Information provided:
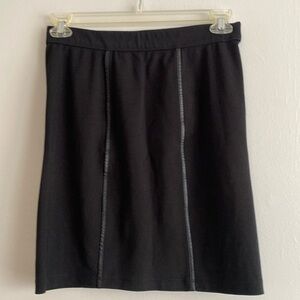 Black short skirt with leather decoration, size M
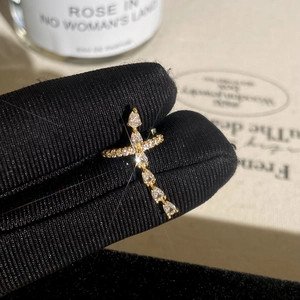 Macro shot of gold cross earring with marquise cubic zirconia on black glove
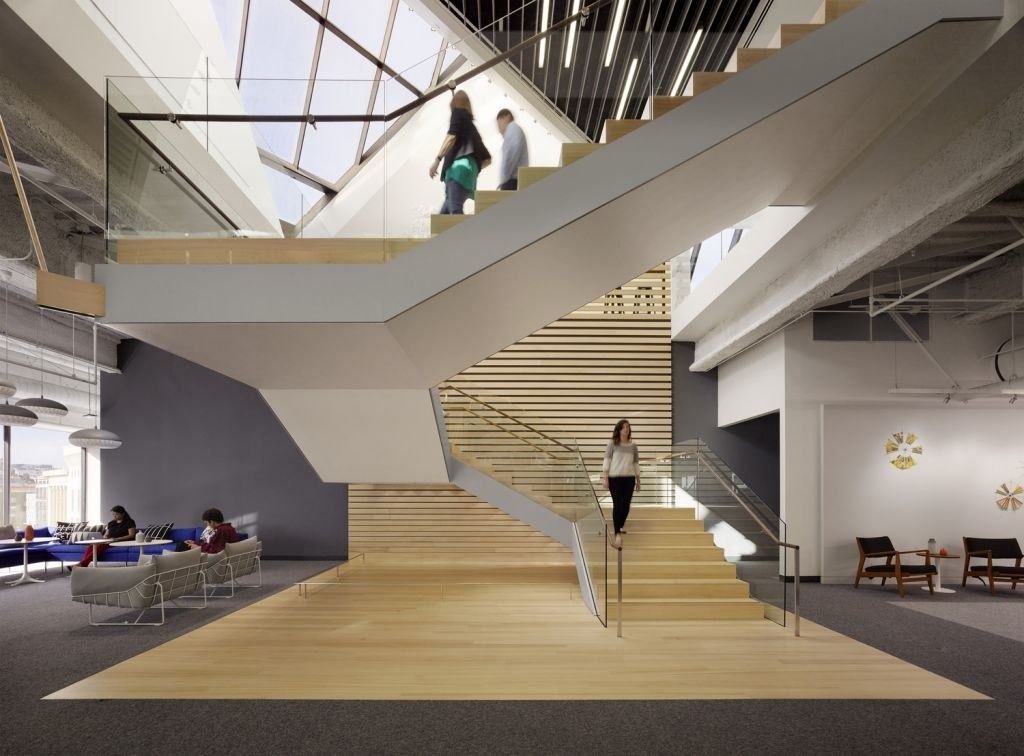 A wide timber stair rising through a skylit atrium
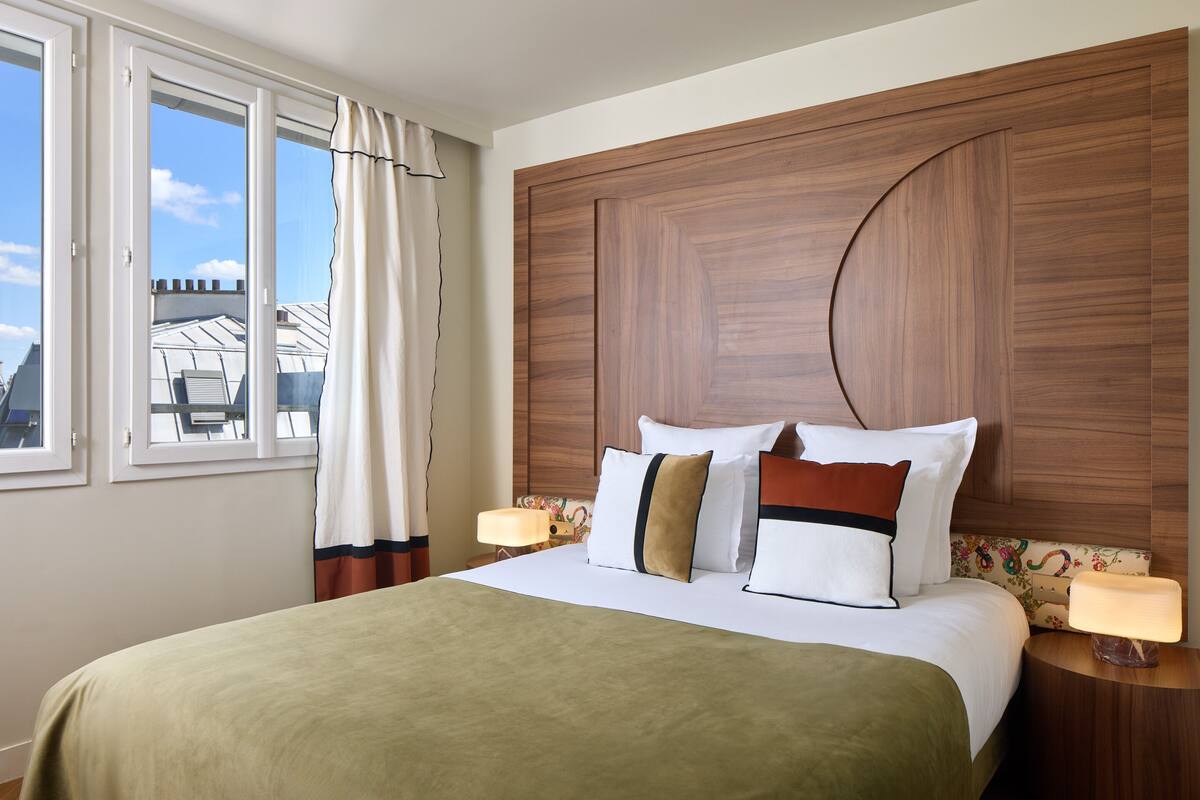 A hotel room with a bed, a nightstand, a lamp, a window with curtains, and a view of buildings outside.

Exercise requirements: Write out the data once more exactly, omitting the pictures.

Exercise result:
 Black short skirt with leather decoration, size M
 Macro shot of gold cross earring with marquise cubic zirconia on black glove
 A wide timber stair rising through a skylit atrium
 A hotel room with a bed, a nightstand, a lamp, a window with curtains, and a view of buildings outside.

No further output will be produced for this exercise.